Chego ao consultório do geriatra, tiro a senha e fico ali como boba, de olho naquele monitor, onde se visualizam os números. Parece congelado. A minha senha é 101, mas a 96 não arreda pé do vídeo. Olho, olho, e nada. É o bastante para embaralhar tudo na minha cabeça e começar a viagem para o mundo da divagação.
Escuto uma voz que parece vir de muito longe: 101! 101! Uma senhora, próxima diz: Não é a sua?
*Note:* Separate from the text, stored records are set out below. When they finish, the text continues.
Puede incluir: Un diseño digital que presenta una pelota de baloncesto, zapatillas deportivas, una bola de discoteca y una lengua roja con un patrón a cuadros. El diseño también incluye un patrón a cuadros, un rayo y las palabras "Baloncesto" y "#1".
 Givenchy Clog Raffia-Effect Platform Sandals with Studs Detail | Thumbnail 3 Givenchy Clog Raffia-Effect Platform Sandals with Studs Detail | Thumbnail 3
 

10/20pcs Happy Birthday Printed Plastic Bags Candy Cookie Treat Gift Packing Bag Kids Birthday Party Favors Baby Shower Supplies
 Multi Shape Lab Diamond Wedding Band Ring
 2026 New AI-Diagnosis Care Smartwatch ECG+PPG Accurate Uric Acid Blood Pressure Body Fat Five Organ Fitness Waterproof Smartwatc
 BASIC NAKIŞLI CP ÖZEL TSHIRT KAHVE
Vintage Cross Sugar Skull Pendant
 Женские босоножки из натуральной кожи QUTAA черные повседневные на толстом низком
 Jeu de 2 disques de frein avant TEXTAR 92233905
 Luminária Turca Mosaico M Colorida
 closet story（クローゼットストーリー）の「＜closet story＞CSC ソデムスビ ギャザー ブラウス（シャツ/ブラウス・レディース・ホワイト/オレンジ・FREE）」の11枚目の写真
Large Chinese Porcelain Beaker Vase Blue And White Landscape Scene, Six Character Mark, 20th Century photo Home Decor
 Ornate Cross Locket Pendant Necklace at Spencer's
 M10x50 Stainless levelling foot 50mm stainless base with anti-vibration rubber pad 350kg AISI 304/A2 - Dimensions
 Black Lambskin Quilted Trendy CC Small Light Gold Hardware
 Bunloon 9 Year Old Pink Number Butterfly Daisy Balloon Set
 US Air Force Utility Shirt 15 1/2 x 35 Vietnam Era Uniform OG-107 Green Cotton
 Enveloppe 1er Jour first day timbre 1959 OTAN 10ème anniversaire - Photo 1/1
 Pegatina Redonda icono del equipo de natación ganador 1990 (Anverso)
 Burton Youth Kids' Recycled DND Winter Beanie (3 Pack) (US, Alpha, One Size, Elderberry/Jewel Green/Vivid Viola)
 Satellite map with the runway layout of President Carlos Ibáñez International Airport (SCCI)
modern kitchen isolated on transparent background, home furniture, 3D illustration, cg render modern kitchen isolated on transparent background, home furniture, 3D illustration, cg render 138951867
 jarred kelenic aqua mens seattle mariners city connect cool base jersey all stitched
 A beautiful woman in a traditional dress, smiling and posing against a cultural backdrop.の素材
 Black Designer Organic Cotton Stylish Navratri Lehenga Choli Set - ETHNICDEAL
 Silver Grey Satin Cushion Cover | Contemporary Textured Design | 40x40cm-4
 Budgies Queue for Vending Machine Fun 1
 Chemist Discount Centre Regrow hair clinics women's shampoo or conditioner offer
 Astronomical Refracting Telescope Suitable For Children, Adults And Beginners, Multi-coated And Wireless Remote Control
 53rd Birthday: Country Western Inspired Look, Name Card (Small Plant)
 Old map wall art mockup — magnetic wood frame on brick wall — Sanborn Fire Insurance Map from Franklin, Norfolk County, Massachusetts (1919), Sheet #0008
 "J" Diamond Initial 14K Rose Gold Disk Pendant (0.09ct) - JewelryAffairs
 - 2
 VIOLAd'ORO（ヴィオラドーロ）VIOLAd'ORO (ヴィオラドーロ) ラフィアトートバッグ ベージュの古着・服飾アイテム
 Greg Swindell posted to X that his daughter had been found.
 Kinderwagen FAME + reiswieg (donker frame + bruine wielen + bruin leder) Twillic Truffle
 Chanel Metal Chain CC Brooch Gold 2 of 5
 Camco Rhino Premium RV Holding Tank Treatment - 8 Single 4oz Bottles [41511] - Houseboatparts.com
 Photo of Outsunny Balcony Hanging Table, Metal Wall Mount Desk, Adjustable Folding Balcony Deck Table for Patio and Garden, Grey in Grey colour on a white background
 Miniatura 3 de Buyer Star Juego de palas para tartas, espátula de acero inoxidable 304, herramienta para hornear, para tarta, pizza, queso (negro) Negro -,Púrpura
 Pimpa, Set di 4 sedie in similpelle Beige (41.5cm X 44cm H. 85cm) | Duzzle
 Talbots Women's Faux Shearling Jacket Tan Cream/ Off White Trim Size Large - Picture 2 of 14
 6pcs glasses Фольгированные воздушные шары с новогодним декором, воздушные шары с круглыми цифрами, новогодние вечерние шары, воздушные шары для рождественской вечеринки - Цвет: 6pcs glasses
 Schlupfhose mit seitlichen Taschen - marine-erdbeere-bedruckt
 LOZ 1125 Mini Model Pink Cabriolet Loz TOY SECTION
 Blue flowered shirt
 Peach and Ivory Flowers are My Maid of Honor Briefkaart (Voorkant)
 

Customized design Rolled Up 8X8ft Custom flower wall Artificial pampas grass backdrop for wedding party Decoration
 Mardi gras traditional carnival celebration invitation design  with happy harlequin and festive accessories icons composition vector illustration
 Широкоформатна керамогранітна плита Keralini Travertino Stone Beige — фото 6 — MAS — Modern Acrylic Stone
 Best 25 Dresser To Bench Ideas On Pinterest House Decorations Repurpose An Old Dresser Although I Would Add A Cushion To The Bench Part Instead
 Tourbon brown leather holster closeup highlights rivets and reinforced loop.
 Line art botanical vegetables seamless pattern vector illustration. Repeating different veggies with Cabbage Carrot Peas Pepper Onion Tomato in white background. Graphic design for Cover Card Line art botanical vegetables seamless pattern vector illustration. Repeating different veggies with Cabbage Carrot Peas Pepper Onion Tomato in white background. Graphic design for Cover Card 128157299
Hã? Levanto-me apressada e chego perto da mesa da atendente. Vou respondendo automaticamente às perguntas costumeiras: endereço, telefone etc etc.
Profissão!
Profissão! Hã? Mulher Maravilha! Ops, desculpe: prendas domésticas. A
moça ri, disfarçadamente, e repete baixinho balançando a cabeça, naquele
característico gesto de incredulidade ou de desprezo, sabe-se lá: Prendas domésticas... Sem me olhar, diz: Agora
é só esperar.
Acho sempre engraçada
esta frase: “Só esperar”. Esse “só” quer dizer o quê, mesmo? Que é pouco? Que
nada! Lá fiquei mofando naquela cadeira por um bom tempo, que não medi, porque
me pus a rir, sozinha, raciocinando (meditando, ou nas alturas...) sobre a
minha profissão: Prendas domésticas...
Mulher que não trabalha
fora, hoje, está fora... literalmente, para usar expressão da moda (todos dizem
“literalmente”, mesmo quando a questão
não é literal). Fora do mundo, fora dos círculos de conversa, fora da vida,
enfim. É isso que pensam as outras mulheres. Ela própria, a dona de casa, acaba
se sentindo assim. É como se a pessoa fosse inútil.
Pois é, dona de casa
bissexta, resolvi dizer, naquele momento, que era de prendas domésticas,
eufemismo que encontrei na hora, usado há muitos anos e que sempre detestei.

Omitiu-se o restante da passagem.